Discovering probabilistic association rules between items in large databases is becoming an important process as the size and availability of the data increase. Today, the success of mining association rules technology is usually attributed to the a-priori optimization idea. A drawback of a-priori is the implicit assumption that all items have similar prior probabilities, which makes it sensitive to the support threshold and, for a specific threshold, it may miss some rules of higher confidence than the output ones. To catch these rules, a lower support level must be used which in turn makes the a-priori optimization less useful. To avoid these problems, we propose a new technique based on the relative support between items and the notion of association graph that captures the association relationships between the items. We present a necessary and sufficient condition for the existence of a rule with specific confidence. The necessary part of this condition is used to generate candidate itemsets without counting them from the database. Since the degree of any node in the association graph is bounded, generating the maximal itemsets is efficient. We provide a recursive algorithm to generate all maximal itemsets. The new method is suitable for interactive mining.
机译:发现大型数据库中的项目之间的概率关联规则正在成为数据增加的大小和可用性的重要过程。

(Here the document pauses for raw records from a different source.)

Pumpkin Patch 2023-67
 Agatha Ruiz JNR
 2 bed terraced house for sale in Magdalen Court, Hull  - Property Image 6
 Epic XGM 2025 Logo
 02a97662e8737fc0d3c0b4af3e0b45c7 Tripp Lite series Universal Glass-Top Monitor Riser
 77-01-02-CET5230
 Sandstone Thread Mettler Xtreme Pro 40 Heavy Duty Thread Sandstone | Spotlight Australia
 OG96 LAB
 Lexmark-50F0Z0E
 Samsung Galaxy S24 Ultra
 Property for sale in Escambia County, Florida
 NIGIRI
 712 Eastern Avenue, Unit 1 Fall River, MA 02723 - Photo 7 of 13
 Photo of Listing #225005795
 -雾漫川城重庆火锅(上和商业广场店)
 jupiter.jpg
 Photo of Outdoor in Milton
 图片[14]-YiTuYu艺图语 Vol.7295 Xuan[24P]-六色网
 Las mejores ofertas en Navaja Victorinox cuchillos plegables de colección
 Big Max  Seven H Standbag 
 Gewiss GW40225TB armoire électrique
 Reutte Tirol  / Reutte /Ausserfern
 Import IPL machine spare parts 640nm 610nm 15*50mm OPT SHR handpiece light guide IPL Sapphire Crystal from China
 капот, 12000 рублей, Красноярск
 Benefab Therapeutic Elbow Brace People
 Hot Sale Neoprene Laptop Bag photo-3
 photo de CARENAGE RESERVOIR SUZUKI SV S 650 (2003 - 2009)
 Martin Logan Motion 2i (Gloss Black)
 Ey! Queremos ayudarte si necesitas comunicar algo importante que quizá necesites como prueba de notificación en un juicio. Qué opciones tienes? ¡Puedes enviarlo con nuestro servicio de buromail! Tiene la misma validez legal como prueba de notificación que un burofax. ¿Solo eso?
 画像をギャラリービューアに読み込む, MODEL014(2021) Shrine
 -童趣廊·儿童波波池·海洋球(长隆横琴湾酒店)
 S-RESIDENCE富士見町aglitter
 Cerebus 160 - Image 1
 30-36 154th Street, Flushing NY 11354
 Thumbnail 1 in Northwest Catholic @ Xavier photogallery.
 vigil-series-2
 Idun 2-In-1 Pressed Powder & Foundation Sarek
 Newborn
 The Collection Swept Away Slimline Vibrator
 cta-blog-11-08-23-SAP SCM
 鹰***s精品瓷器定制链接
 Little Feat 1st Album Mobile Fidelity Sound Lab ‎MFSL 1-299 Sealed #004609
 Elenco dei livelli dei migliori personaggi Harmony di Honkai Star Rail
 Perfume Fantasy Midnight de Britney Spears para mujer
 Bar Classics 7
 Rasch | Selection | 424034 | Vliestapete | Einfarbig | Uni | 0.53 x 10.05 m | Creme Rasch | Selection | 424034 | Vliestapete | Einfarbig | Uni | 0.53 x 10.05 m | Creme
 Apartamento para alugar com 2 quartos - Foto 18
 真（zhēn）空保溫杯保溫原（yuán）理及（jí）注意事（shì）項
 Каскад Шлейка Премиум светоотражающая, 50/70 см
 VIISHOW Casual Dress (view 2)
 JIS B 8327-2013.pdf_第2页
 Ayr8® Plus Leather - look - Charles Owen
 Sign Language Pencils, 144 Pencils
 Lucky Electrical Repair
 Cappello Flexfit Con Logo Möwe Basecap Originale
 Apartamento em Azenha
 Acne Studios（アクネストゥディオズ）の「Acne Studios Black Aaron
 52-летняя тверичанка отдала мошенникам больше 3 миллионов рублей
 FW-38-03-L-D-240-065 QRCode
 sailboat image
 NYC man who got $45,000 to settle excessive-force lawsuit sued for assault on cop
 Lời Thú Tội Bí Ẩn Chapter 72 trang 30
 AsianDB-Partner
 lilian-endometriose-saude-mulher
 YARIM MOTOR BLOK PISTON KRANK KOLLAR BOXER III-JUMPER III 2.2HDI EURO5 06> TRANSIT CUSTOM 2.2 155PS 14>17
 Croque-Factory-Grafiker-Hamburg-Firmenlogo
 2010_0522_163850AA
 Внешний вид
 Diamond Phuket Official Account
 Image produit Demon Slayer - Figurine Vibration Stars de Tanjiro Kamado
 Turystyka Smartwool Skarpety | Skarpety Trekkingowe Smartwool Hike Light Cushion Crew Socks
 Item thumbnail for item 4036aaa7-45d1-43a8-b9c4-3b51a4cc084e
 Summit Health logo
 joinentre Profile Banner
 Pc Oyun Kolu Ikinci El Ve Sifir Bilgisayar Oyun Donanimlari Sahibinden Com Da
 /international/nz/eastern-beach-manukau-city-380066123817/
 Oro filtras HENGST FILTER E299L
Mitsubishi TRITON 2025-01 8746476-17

今天,采矿协会规则技术的成功通常归因于a-priori优化的想法。 a-priori的缺点是所有项目具有类似的现有概率的隐含假设,这使得对支持阈值敏感,并且对于特定阈值,它可能会错过比输出比输出更高的置信度规则。为了捕获这些规则,必须使用较低的支持级别,这反过来使a-priori优化不太有用。为避免这些问题,我们提出了一种基于项目之间的相对支持的新技术和关联图之间的概念,其捕获项目之间的关联关系。我们为特定信心存在一个规则存在的必要和充分条件。此条件的必要部分用于生成候选项集,而无需将它们与数据库计数。由于关联图中的任何节点的程度被界定,因此生成最大项集是有效的。我们提供递归算法来生成所有最大项集。新方法适用于互动挖掘。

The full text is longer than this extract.